Exercise data:
┄┄┄┄┄┄┄┄┄┄

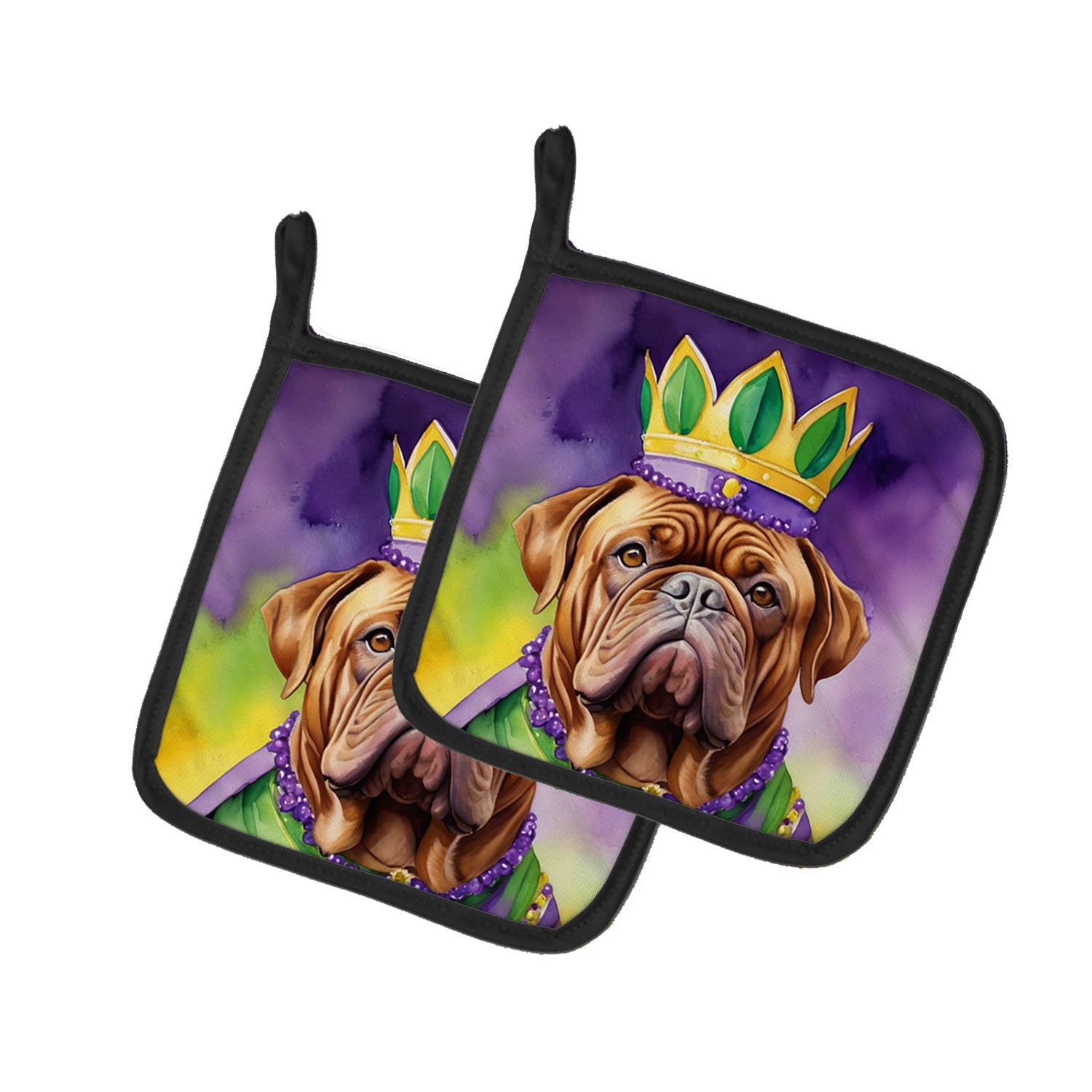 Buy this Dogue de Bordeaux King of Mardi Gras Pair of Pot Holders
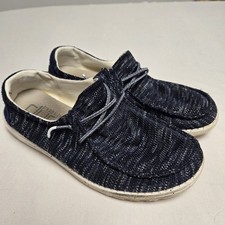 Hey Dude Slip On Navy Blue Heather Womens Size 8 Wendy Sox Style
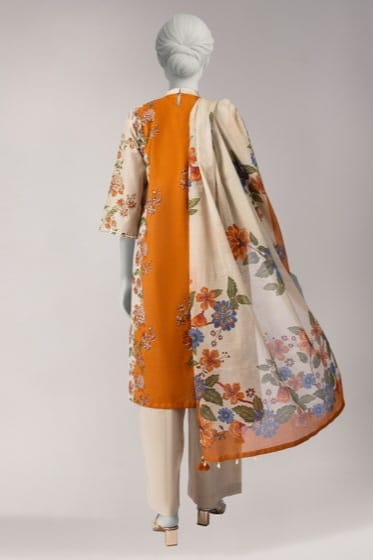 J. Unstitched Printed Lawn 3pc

┄┄┄┄┄┄┄┄┄┄

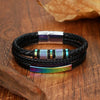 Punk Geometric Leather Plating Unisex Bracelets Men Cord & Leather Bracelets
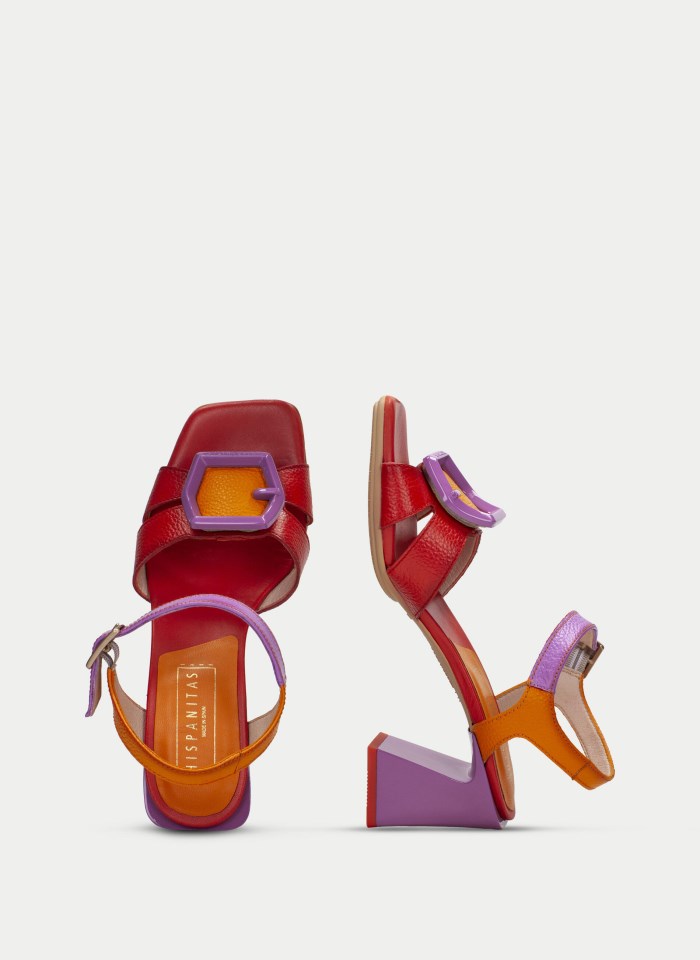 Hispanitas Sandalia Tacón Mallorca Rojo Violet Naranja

┄┄┄┄┄┄┄┄┄┄

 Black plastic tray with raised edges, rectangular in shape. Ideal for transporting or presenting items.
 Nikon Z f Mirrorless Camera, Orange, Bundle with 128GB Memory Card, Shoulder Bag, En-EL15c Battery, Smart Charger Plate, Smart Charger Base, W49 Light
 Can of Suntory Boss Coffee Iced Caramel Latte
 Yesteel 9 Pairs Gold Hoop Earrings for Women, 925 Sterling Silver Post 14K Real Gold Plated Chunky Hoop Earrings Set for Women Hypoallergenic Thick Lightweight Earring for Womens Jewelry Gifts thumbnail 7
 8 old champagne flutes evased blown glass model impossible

┄┄┄┄┄┄┄┄┄┄

Task statement:
Line count for "with": say how many lines of the entries above include that word, and give only the number.

Answer:
2